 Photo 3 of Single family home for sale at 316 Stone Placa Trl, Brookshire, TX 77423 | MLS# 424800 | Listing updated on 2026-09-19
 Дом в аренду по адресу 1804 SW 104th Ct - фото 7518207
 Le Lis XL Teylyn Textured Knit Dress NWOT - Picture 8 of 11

* * *

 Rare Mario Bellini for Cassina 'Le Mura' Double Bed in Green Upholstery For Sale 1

* * *

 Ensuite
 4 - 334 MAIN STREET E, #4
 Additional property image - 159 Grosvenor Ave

Task brief ->
From the records above, quote only the lines running from the line with "4 - 334 MAIN STREET E, #4" to the line with "Additional property image", both lines included.

Response below ->
 4 - 334 MAIN STREET E, #4
 Additional property image - 159 Grosvenor Ave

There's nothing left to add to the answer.